■ **Task directions**
The lines below, from the one holding "3332cacba6503127acb02474e9edf007.jpg" through the final line, are to be copied exactly, with no other lines and no pictures.

■ **Web page caption snippets**
+---+
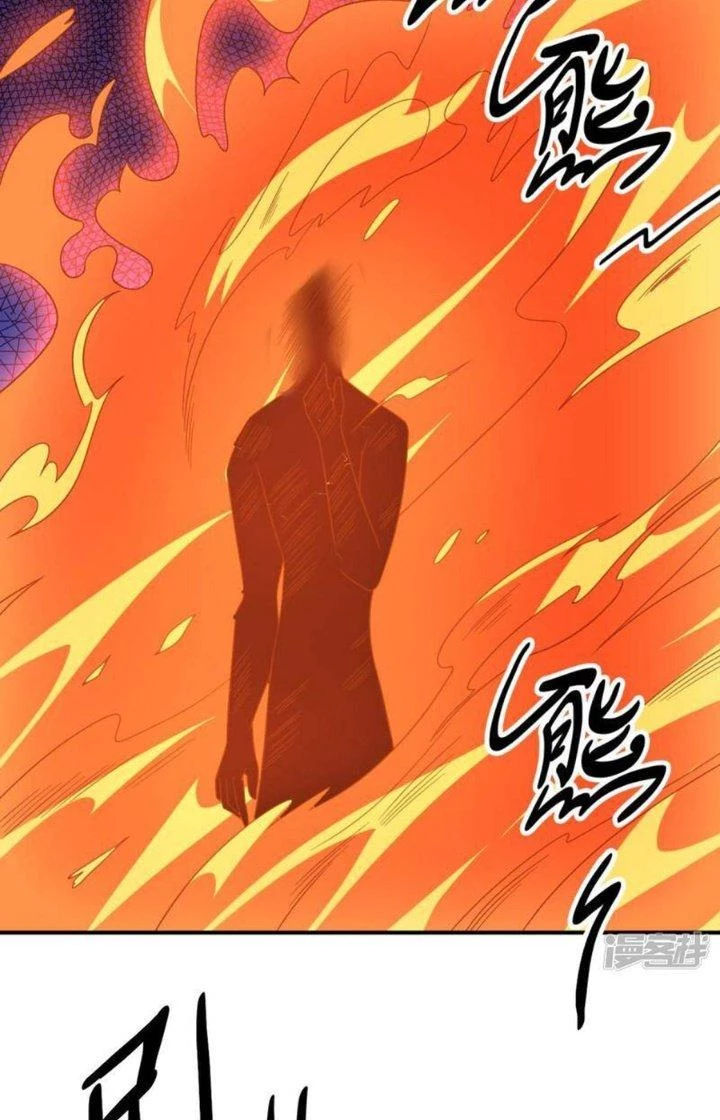 Bạn Gái Hung Ác Của Siêu Anh Hùng Chapter 98 - Trang 2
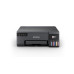 Принтер Epson EcoTank L8050, Black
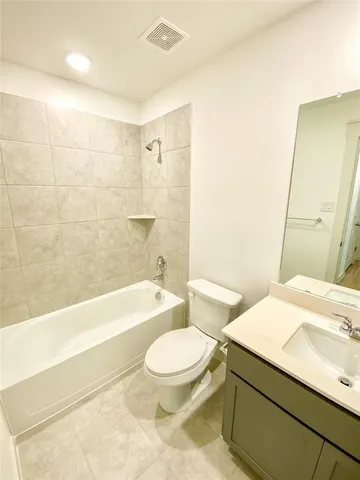 $2,100 | 1372 Cedar Street, Forney, TX 75126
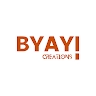 Byayi Creations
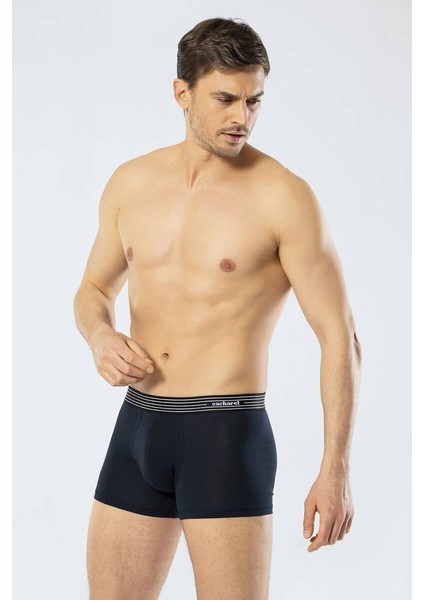 Erkek 3lü Boxer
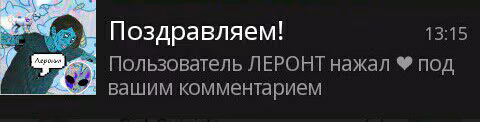 3332cacba6503127acb02474e9edf007.jpg
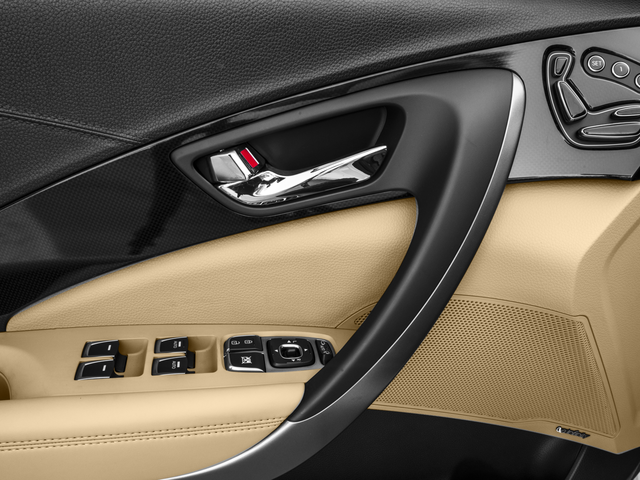 2016 Hyundai AZERA Base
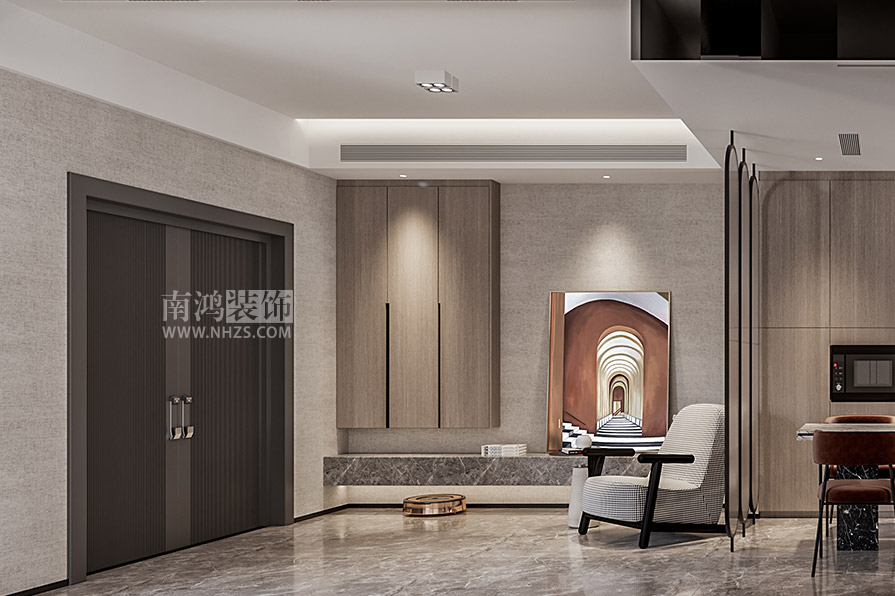 1615186920101322.jpg 1.jpg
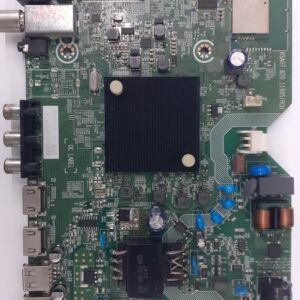 VU 32  inch LED TV Motherboard for Model 32A4HAU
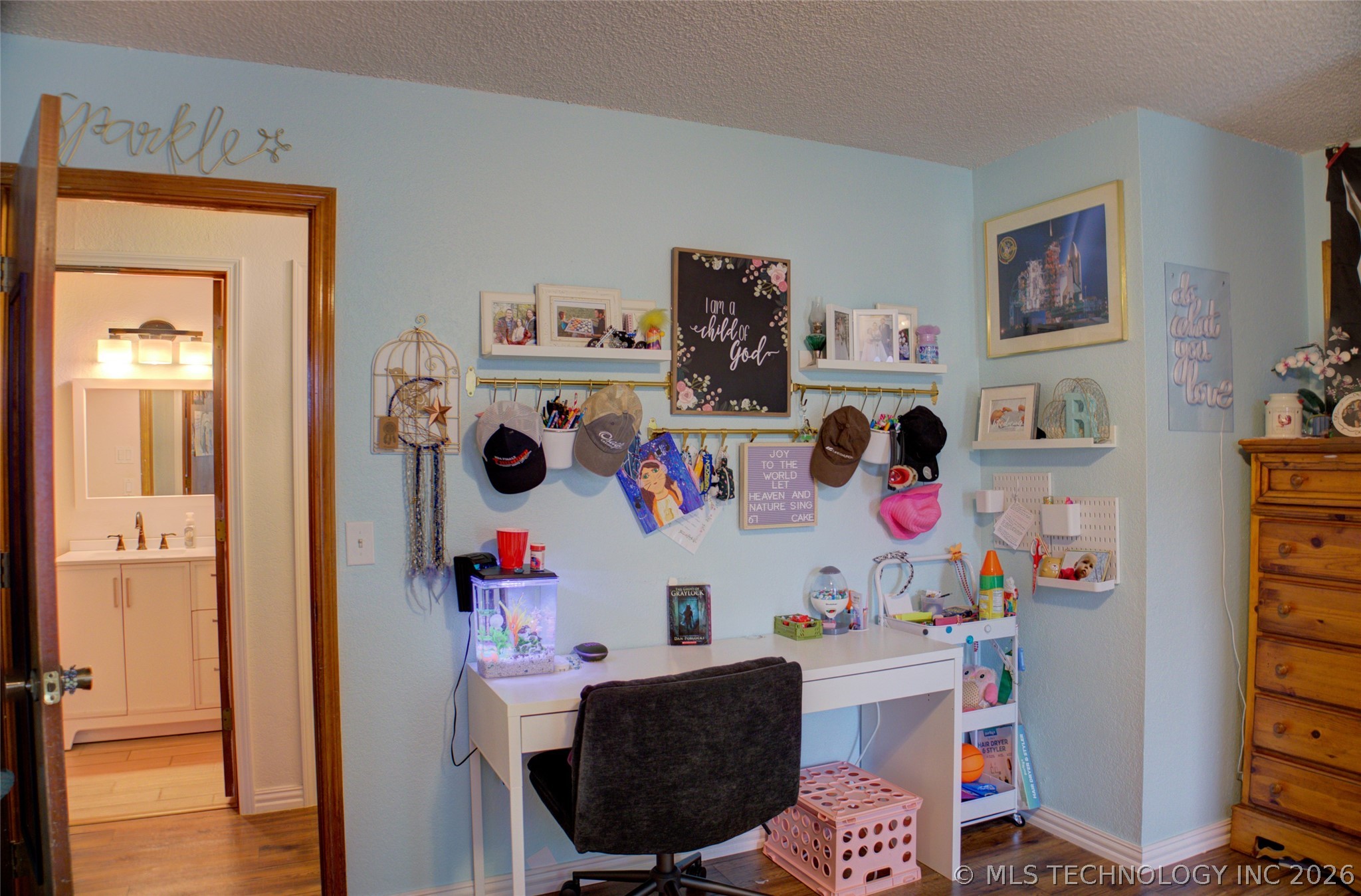 211 W 114th Court S Jenks OK 74037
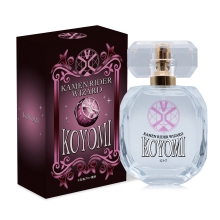 コヨミ オードパルファム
+---+
■ **Solution below**
 3332cacba6503127acb02474e9edf007.jpg
 2016 Hyundai AZERA Base
 1615186920101322.jpg 1.jpg
 VU 32  inch LED TV Motherboard for Model 32A4HAU
 211 W 114th Court S Jenks OK 74037
 コヨミ オードパルファム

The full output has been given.